GSK To Produce 1 Billion Doses of COVID-19 Vaccine Adjuvant
GlaxoSmithKline (GSK) has announced its intention to manufacture one billion doses of its pandemic vaccine adjuvant system in 2021 to support the development of multiple adjuvanted COVID-19 vaccine candidates.

GSK says it has prioritized its efforts toward making its pandemic adjuvant technology available to partners developing COVID-19 vaccine candidates that are suitable for use with an adjuvant. To date (as reported on May 28, 2020), the company has formed several collaborations, including with scientific partners in North America, Europe and China, to develop vaccines. Discussions with potential partners on further collaborations are ongoing.
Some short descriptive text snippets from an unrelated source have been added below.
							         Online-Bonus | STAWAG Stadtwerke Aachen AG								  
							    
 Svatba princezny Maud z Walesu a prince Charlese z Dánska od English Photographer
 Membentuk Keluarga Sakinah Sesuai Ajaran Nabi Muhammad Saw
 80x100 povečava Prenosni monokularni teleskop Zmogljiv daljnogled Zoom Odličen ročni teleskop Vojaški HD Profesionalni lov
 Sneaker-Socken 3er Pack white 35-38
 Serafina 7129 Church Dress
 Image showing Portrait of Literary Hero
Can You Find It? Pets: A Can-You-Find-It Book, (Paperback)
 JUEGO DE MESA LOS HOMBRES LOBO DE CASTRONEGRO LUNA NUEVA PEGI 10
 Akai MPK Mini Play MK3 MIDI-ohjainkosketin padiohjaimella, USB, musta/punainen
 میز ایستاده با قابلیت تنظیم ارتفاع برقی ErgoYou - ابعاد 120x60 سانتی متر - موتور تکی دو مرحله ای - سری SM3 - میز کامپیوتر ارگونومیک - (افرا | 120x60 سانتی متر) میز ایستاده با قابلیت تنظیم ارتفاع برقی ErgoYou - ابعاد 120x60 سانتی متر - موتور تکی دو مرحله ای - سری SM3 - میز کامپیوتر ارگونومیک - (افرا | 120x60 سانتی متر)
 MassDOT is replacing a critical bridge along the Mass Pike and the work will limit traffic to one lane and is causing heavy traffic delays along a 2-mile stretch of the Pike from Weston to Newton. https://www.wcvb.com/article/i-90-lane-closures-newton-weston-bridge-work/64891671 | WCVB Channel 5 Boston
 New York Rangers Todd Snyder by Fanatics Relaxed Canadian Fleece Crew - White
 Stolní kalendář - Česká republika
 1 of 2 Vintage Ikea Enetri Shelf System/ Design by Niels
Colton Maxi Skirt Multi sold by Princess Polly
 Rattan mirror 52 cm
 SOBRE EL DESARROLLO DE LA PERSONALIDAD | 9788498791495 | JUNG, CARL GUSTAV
The announcement of the enhanced manufacturing capacity follows completion of a review conducted across the company’s global supply network. GSK will manufacture and fill and finish adjuvant for use in COVID-19 vaccines at sites in the UK, US, Canada, and Europe.

GSK has started manufacture of the adjuvant at risk. The company is in discussions with governments and global institutions about funding for production and supply of the adjuvant. GSK says it does not expect to profit from sales of its portfolio of collaborations for COVID-19 vaccines made during this pandemic phase as profit generated will be invested in support of COVID-19-related research and long-term pandemic preparedness, either through GSK’s internal investments or with external partners.

Source: GlaxoSmithKline


Roche Starts Phase III Trial of Arthritis Drug Plus Remdesivir in COVID-19
Roche has initiated a global Phase III, randomized, double-blind, multicenter study to evaluate the safety and efficacy of the company’s Actemra/RoActemra (tocilizumab), a drug to treat certain forms of arthritis, with Gilead Sciences’ investigational antiviral drug candidate, remdesivir, in hospitalized patients with severe COVID-19 pneumonia.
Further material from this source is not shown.